Cosa differenzia l’Individual Soccer School dalle altre scuole?
“La cura maniacale del particolare. La differenza la fa la correzione, la correzione che diamo noi è quella giusta, perché studiata prima, a tavolino, fin nei minimi dettagli. Faccio un esempio per farmi capire, il tiro in porta. Prima di tutto, devi studiare i migliori, diciamo Roberto Carlos per l’esterno piuttosto che Cristiano Ronaldo per il mezzo interno. Perché calciano in quel modo? Il gesto tecnico, come colpiscono il pallone, e la postura, le braccia messe in un certo modo, e come lasciano andare la gamba… sono tanti i dettagli da capire. In tanti vengono a vederci e fanno il copia-incolla dei nostri metodi, ma sanno cosa propongono, e perché? Solo se sei consapevole di quello che devi trasmettere all’allievo riesci a correggerlo nel modo giusto”.
Quindi, per insegnare un gesto tecnico a un bambino, bisogna fargli vedere come si fa e poi correggere la sua esecuzione, giusto?
“Sì, per questo non basta aver giocato ad alti livelli, ma bisogna essere un bravo insegnante. Sono due concetti diversi. Sicuramente devi essere capace di dimostrare il gesto eseguito correttamente, ma più importante è la capacità di analisi e correzione del gesto eseguito dall’allievo. Faccio un esempio anche in questo caso: D’Angelo, che faceva il difensore nel Chievo, è stato per anni l’istruttore di tecnica individuale di Del Piero, che era centomila volte più bravo. Ma D’Angelo lo correggeva nel modo giusto. Ormai l’istruttore di tecnica personale è una figura riconosciuta, nel mondo del calcio, ce l’ha anche Dybala. Oppure il mio amico Alberto Lampo, che fa l’istruttore di tecnica individuale alla Prima squadra della Pro Vercelli. Per concludere il ragionamento, gli altri aspetti fondamentali per fare l’istruttore sono l’esperienza e la curiosità: ogni bambino è diverso dall’altro, ogni volta devi inventarti qualcosa per correggere il suo difetto. C’è una profonda reciprocità tra insegnante e allievi, ognuno contribuisce alla crescita dell’altro, al suo miglioramento”.

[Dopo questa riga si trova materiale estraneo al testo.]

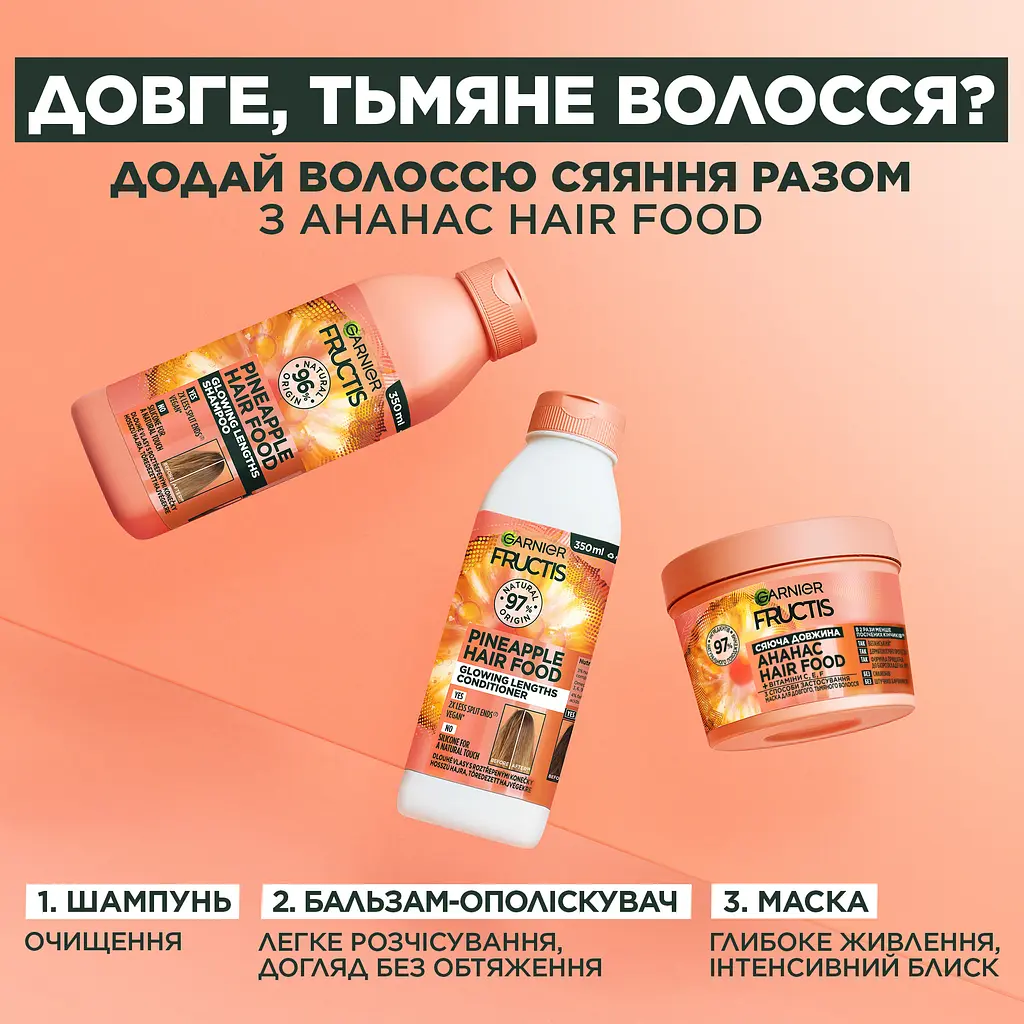Шампунь Garnier Fructis Hair Food Pineapple для довгого та тьмяного волосся 350 мл - фото 6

Questo metodo è applicabile anche alle squadre?

“Premesso che noi, nella nostra sede centrale di Pianezza, lavoriamo con i singoli con la modalità un istruttore per un allievo, instauriamo anche delle collaborazioni con le società, soprattutto nelle altre regioni. Comunque proponiamo un lavoro diverso rispetto al classico allenamento delle squadre, perché curiamo l’aspetto tecnico e non le situazioni di gioco, che poi verranno di conseguenza, infatti le società che hanno creduto in noi hanno avuto miglioramento anche come squadra. Per esempio, da tre anni lavoriamo con la Fersina Perginese, in Trentino, e sono cresciuti tantissimo. Per tornare in Piemonte, fino all’anno scorso eravamo in stretto contatto con il Lascaris, e nei tre anni in cui Denis è stato responsabile della Scuola calcio qualcosa lo hanno fatto… Ma a Torino ormai preferiamo non accostarci più a una specifica società, ma offriamo servizi a chiunque voglia avvicinarsi a noi, siamo essi bambini a prescindere dalla società in cui sono tesserati, siano essi istruttori, cui proponiamo una formazione specifica”.

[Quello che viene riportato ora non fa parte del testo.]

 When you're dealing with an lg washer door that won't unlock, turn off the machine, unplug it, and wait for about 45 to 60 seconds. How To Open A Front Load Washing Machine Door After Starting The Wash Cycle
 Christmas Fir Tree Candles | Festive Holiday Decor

Parlavi di Trentino: ormai l’Individual Soccer School è una realtà affermata a livello nazionale.
“Eh sì, se penso da dove siamo partiti e dove siamo adesso… Ad oggi, abbiamo 18 punti in giro per l’Italia, la maggior parte nel nord Italia, ma anche in Sicilia e Sardegna. Nel 2017 ne apriremo altri due o tre, sicuramente Lecce e Firenze. Riceviamo una o due richieste al giorno, ma non abbiamo personale sufficiente per soddisfarle tutte. Non perché non vuoi, ma perché non puoi: il metodo è quello, ma i miei punti devono lavorare come lavoro io, con lo stesso livello di qualità”.

Sei tu che ti occupi dei contatti fuori regione, ti possiamo definire il ministro degli esteri dell’Iss?
“Sono il presidente della società, ma poco conta: semplicemente ho più tempo libero degli altri, posso investire più tempo nelle trasferte. Io tutte le settimane sono fuori Torino almeno per due o tre giorni, l’anno scorso ho lavorato 354 giorni su 365. È dura, ma sono in pochi a fare il lavoro che piace. L’Individual Soccer School è il mio, il nostro sogno che si avvera, vederlo crescere è una soddisfazione che ripaga di qualsiasi sacrificio”.